409.11
Secularization As Struggle
Regarding the meanings of the term secularization, Casanova speaks of differentiation, privatization, and marginalization. These meanings can be understood as dimensions of secularization. From a critical assessment of secularization as well as desecularization approaches from all three dimensions (Luhmann, Habermas, Luckmann, Casanova, Thomas, and Riesebrodt) I have developed two aspects for each dimension. Differentiation can mean the autonomy of religious actors as well as the expansivity of religious worldviews to other fields than the religious. Privatization not only refers to the public-private dichotomy, but also to the individualization of religious beliefs. And marginalization can be the result either of societal change or of competition by non-religious actors.

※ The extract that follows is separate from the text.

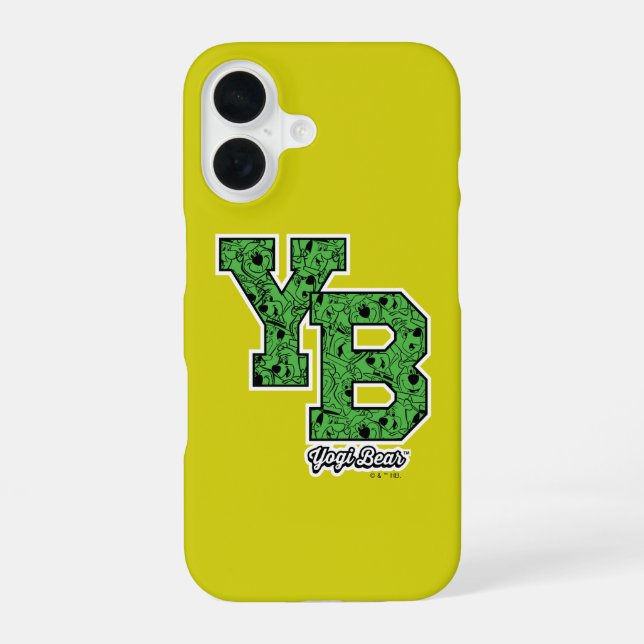 Yogi Bear Patterned Varsity Letters Iphone Case (Back)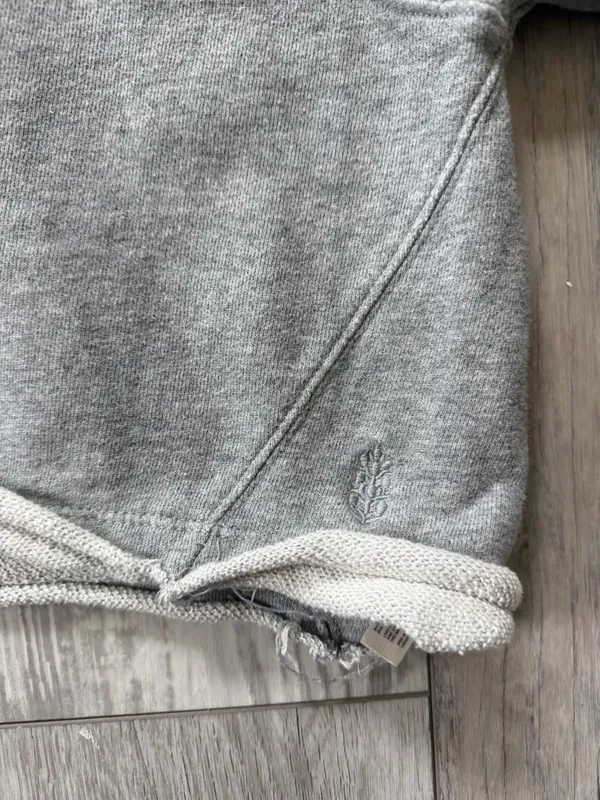 Free People Movement Oversized Gray 1/2 zip Short Sleeve 100% cotton size small - Image 5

Looking more closely, one notices that all these meanings of secularization describe aspects of religious praxis. In Bourdieu, which praxis counts as legitimately religious is always the object of struggle, with each actor trying to impose his own praxis as legitimate. Speaking in theoretical terms, it is the religious field's nomos. Since, as Luhmann states, speaking of secularization only makes sense in the context of the relation between religion and non-religion, in order to return to secularization we have to get back to non-religion. Non-religious actors have their own ideas of what religion ought to be, and they try to impose their view on religious actors. Building on Wohlrab-Sahr, Asad and Luhmann, we can define these non-religious ideas of religion as secularism. Secularization, then, can be defined as the (forced or deliberate) adaptation of religious actors to secularism. Put differently, secularization is the result of struggles.